Across the Bar

Post from Vermont is returned to sender; Who is A Quick One; The Cavern experiments; The Volares get good print

Scene, heard

Post From Vermont has called it quits, breaking up soon after returning home from a short tour through the Midwest. The band said in a brief statement posted to its Web site that the split "came down to the fact that our music didn't live up to what we thought it could have been, and we realized there is no use struggling and forcing something to happen." Look for the now ex-members of Post From Vermont -- singer-guitarists Kris Youmans and Dylan Silvers, bassist Jeff Parker, and drummer Mike Sanger -- to turn up in new bands before the end of the year...

A Quick One bills itself as "the world's greatest Who cover band," and that might turn out to be truth in advertising. However, it's probably still a bit early to be making that claim, since the group performed for the first and only time last month at Bar of Soap. The band, which consists of Tripping Daisy's Phil Karnats and Ben Curtis and former Buck Pets Chris Savage and Ricky Pearson, will perform its second gig on August 20 at The Cavern, with Dedicated Followers of Fashion, a tribute to The Kinks. Curtis turns up in Dedicated Followers of Fashion as well, along with his brother Brandon Curtis and Josh Garza (both of Captain Audio), Eric Hermeyer (Mazinga Phaser), and Lindsay Romig. In addition, Shannon Griggs and Mark Crowder will be spinning 1960s mod and psychedelic rock before and after each set. And if anyone was fortunate enough to catch Crowder's DJ sets at The London Tavern and Liquid Lounge in the past, that's reason enough to come down to The Cavern...

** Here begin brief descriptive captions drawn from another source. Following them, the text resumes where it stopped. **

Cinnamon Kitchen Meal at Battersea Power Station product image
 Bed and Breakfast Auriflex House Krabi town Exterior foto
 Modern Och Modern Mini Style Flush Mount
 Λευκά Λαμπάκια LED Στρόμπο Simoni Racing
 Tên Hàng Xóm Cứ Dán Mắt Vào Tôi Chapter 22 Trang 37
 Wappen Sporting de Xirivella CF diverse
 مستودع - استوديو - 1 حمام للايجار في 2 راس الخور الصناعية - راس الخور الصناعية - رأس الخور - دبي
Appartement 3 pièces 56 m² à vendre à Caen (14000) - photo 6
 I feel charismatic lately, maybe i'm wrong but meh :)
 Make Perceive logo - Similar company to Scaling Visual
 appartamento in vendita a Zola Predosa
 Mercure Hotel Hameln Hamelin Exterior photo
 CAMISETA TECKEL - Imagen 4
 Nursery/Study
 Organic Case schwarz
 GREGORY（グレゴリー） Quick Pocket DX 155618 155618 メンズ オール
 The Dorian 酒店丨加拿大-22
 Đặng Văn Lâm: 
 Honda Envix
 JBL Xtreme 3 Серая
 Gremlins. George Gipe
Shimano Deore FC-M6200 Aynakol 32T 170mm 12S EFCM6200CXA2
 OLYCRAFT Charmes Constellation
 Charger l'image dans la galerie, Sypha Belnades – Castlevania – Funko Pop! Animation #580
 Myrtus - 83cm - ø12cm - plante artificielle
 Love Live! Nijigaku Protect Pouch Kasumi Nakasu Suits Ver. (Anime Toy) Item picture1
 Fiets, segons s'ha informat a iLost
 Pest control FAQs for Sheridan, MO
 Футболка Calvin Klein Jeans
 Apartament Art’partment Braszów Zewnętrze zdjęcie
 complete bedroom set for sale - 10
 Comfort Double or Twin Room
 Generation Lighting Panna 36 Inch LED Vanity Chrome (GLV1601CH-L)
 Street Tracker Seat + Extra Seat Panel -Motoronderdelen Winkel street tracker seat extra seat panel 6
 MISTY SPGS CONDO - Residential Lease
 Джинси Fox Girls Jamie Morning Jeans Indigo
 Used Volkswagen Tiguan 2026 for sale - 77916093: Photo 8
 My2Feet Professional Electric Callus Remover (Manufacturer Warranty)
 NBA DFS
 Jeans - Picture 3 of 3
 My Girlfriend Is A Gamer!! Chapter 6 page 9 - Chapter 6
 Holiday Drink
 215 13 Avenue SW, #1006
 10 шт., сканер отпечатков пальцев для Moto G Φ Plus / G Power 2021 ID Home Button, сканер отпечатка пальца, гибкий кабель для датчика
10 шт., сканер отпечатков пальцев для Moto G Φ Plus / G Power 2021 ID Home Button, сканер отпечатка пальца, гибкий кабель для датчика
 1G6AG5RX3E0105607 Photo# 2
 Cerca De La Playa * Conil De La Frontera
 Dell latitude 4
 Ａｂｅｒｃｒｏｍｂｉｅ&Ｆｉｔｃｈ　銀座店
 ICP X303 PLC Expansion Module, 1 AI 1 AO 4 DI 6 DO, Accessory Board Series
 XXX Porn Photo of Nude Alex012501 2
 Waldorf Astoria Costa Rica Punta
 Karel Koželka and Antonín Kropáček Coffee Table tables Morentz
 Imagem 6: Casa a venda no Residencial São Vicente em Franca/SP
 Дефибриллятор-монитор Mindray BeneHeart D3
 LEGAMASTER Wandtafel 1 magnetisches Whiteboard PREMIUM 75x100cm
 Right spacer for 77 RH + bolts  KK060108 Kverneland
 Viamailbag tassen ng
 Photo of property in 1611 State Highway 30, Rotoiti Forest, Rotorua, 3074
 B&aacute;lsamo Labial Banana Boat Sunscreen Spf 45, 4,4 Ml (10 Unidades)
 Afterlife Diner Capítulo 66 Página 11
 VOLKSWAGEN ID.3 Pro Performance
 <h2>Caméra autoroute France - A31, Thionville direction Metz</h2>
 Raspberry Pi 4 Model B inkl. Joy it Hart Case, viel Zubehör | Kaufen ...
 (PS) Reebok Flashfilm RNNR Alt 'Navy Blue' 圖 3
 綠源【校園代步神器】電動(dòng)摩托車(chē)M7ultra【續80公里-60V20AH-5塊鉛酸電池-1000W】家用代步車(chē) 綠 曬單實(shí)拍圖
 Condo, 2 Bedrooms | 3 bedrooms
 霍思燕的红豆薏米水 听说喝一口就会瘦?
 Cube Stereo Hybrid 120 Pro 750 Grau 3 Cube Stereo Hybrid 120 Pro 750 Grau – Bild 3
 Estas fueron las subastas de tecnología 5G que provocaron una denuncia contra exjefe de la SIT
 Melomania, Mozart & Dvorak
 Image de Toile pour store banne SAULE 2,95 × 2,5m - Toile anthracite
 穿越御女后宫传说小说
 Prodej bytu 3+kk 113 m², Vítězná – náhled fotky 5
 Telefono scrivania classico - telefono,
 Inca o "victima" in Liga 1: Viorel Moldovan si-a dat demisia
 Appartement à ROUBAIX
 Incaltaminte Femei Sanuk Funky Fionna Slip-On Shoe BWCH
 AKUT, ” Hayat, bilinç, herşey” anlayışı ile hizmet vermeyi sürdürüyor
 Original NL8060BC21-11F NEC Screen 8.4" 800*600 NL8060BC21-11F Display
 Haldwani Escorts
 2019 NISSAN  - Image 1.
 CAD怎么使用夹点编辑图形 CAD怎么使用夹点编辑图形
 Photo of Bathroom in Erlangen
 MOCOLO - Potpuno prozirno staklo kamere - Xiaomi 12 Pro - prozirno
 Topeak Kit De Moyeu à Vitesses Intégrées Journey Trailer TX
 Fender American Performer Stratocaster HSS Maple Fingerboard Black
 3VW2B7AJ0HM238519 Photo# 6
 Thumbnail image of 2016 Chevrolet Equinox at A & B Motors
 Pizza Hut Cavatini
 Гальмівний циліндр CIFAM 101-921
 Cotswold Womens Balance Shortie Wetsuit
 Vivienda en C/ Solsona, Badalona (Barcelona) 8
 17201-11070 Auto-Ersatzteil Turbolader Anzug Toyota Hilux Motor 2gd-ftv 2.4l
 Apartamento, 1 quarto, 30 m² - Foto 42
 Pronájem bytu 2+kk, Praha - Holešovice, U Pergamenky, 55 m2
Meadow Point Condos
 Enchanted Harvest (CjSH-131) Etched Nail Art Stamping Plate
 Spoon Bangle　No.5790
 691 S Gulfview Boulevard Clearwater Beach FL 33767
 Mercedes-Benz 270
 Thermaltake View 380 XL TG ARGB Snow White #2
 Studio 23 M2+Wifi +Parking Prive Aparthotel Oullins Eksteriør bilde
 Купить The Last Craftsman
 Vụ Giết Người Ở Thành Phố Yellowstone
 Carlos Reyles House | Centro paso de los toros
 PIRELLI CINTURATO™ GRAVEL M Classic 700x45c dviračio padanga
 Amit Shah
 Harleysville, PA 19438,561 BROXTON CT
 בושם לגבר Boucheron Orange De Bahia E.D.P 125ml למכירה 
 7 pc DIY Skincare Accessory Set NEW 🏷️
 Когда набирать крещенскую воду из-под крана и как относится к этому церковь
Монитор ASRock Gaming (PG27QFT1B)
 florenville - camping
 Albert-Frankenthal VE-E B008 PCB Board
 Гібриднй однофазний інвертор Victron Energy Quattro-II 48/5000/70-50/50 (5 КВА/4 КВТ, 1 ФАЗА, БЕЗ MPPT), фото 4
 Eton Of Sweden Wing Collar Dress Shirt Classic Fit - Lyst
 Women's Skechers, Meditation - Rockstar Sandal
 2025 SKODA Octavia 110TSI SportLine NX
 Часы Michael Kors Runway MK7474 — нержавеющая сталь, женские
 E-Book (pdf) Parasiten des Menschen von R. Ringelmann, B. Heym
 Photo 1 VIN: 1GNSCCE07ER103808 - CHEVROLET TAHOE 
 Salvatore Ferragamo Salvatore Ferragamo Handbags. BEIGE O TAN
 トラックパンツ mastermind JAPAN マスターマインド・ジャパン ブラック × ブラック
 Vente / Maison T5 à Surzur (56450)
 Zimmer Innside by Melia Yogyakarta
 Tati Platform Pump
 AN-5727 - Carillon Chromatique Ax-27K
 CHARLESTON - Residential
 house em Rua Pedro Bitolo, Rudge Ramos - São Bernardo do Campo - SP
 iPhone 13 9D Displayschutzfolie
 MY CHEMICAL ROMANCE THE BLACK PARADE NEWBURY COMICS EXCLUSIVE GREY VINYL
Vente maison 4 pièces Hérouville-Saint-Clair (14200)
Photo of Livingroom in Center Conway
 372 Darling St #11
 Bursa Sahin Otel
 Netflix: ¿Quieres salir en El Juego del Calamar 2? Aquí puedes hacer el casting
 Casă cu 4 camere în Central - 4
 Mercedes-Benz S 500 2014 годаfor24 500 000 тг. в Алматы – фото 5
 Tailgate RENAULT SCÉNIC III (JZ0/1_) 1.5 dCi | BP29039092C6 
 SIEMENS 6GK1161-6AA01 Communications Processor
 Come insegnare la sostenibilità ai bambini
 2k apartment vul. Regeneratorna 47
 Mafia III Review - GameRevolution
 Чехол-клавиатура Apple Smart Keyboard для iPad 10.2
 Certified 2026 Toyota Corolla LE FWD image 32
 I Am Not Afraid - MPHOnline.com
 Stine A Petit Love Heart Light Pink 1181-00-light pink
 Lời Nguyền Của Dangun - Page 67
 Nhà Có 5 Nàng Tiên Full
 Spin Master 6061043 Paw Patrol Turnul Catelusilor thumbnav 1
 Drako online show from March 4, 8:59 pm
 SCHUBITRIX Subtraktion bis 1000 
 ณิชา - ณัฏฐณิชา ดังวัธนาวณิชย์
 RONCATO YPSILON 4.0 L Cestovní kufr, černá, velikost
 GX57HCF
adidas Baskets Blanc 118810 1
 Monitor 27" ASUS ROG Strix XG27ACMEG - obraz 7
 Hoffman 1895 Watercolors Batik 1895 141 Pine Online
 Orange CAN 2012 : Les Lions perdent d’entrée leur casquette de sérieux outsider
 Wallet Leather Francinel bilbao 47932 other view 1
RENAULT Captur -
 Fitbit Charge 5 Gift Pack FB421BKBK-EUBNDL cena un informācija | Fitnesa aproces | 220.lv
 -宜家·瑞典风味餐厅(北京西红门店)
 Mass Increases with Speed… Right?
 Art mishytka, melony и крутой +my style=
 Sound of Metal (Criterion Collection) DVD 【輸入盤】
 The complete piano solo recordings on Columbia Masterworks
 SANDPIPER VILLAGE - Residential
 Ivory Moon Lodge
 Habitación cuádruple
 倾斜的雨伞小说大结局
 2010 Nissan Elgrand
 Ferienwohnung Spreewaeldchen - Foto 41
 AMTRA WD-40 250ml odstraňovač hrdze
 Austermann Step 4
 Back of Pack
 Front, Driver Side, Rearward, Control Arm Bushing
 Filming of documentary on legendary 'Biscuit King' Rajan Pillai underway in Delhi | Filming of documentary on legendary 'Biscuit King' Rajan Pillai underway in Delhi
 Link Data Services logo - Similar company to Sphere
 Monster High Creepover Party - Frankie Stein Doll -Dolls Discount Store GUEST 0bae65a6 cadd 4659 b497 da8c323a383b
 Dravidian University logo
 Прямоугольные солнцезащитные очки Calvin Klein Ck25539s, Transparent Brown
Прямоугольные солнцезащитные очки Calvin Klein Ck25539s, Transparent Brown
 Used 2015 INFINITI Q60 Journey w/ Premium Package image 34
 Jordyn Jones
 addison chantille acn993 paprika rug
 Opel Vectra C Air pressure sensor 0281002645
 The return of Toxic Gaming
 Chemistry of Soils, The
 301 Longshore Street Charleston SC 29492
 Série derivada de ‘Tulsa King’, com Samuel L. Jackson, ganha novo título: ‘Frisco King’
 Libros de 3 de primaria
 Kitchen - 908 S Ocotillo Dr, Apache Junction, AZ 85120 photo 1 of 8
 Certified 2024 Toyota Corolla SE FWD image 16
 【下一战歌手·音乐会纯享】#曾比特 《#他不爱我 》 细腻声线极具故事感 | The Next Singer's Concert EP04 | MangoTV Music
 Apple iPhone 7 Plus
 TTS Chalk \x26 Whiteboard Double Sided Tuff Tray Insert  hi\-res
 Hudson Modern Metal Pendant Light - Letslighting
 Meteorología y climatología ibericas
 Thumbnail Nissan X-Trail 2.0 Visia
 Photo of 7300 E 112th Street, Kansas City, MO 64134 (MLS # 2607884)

Speaking of The Cavern, the club on Lower Greenville will host a multimedia set by former Course of Empire guitarist Mike Graff and Casey Hess (Doosu, Jump Rope Girls) on August 24. No word as to what Graff and Hess' collaboration will involve, but since there isn't a cover charge that night, it couldn't hurt to go down to The Cavern and find out for yourself. At least we don't think it can...

Bucks Burnett and his band The Volares received a nice pat on the back in the July issue of the British rock magazine MOJO. The review calls The Volares' 1998 album, The Night We Taught Ourselves to Sing, "an excellent debut" that "nods toward the likes of CSN&Y and Led Zep, but does so with a refreshing lack of pomposity." Couldn't have said it better ourselves. All we can add is this: The album couldn't have taken longer to reach MOJO if Burnett had sent it across the Atlantic Ocean in a bottle. And knowing Burnett, that's probably exactly how it arrived.